At bare minimum, lubricate the chain and gears well, using a wet lube. There are various types of lubricants on the market, but for this job, we would recommend wet as you’ll need to apply it less often. Ideally the chain will likely require a good clean too. This is easily achievable with a good degreaser and a stiff brush, loosening the rust on the chain. You can also buy specific chain cleaning kits, which do make the job a little easier. Once you’ve cleaned the chain, be sure to give it a good rinse before applying the lube.
In order to apply the lubrication, hold the lube in one place on the chain whilst completing one full revolution with the pedals to ensure that the chain is completely covered. Once you’ve done that, then change the gears to ensure that the lubrication has made its way up the gear teeth and into the chain links. Use a dry cloth or rag to wipe off any excess lube from the chain.
So now we need to ensure that you can actually stop once you get out on the road! There are many different types of brake, although they all fundamentally work the same. A calliper holds the brakes and clamps down onto the braking surface (usually wheel rim, disc rotor or an internal surface if using drum brakes).
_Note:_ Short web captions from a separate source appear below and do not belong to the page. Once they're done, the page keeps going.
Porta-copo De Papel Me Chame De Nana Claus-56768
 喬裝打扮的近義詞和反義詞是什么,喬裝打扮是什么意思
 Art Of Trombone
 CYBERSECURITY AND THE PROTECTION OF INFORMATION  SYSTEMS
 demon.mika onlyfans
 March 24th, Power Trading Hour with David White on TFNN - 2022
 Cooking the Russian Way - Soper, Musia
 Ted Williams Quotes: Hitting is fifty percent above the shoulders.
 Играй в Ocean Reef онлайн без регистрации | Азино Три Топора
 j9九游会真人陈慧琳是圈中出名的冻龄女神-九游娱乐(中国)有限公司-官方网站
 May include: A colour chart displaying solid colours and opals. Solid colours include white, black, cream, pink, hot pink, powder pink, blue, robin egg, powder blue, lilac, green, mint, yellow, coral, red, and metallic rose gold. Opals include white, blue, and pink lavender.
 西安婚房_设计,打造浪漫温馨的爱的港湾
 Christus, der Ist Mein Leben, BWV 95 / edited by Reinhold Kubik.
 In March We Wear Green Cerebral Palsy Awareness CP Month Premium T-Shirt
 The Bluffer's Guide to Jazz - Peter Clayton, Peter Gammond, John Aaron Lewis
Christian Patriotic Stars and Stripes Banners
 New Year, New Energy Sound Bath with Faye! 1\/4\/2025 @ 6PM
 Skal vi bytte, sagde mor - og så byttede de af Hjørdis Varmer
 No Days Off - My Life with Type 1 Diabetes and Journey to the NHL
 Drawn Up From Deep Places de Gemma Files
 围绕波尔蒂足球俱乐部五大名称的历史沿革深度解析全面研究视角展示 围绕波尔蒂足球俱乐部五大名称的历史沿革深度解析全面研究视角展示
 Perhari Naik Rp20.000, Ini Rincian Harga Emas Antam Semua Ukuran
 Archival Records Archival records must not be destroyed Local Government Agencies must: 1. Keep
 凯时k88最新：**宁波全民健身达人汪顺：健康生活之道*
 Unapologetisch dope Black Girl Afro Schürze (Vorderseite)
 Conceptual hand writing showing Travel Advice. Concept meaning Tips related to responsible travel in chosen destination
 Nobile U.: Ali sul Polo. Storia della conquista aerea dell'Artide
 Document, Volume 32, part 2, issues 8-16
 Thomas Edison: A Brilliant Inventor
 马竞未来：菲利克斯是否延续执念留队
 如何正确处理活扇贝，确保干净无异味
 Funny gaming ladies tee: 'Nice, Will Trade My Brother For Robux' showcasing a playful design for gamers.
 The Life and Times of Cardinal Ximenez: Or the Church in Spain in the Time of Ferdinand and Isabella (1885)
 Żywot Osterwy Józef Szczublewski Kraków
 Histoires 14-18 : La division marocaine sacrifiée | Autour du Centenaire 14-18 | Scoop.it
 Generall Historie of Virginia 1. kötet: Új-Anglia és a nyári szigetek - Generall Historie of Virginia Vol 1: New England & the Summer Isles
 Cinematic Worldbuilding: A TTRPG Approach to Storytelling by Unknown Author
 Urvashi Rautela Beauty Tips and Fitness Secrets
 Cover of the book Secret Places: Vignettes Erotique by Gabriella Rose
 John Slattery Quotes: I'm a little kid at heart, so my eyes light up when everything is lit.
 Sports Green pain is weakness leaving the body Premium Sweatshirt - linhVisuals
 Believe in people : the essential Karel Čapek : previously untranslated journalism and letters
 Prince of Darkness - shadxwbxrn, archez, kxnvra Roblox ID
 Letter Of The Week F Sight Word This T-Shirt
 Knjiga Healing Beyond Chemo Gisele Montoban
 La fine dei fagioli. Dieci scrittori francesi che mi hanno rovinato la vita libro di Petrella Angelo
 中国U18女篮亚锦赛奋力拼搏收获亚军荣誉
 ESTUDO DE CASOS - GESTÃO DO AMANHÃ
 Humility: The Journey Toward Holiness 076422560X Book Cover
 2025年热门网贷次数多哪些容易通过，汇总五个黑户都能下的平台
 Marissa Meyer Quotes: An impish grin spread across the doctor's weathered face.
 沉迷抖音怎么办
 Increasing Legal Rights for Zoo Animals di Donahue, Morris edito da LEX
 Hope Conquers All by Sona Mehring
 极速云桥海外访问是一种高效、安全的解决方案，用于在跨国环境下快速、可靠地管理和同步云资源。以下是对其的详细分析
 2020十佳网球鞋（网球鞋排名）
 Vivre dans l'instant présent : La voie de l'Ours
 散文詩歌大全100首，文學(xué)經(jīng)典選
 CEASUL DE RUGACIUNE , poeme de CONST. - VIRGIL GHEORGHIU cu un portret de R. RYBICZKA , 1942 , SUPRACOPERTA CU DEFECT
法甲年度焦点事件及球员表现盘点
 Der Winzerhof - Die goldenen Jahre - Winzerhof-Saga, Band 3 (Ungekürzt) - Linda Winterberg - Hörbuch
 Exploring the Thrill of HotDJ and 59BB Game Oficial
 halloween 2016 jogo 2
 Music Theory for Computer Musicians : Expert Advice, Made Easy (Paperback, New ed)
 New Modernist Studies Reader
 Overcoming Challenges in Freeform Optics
In order to check them ensure that you have plenty of brake materials left on the pad. You will usually find a wear indicator on the pad. Then check that the surface it clamps on to is clean and free of any damage.
Finally spin the wheel and check that a squeeze of the brake makes the calliper work and stops the wheel from turning. If it doesn’t, then you’ll need to take your bike in for a service.
Saddle and handlebars are the next thing to move on to, ensuring that they don’t move whilst you’re out for a ride. You’ll need a set of allen keys or spanner to tighten them, depending on the type of bolt on your bike. Check and tighten your seatpost, saddle and handlebar bolt. The correct tightness is usually printed next to the bolt. As long as none of the parts are carbon, hand tight is usually a good place to start though!
Your bike should now be ready to hit the road! Each and every time before you go out, it’s always advisable to do an ‘M Check’. The M Check requires you to go from the back wheel, up to the saddle, down to the peddles, up to the stem and handlebars, finishing with the front wheel. Check that bolts are still tight, tyres are inflated, gears and chain are running well and there is no damage anywhere. It’s a good safety check to ensure that your bike is at its best each and every time you head out.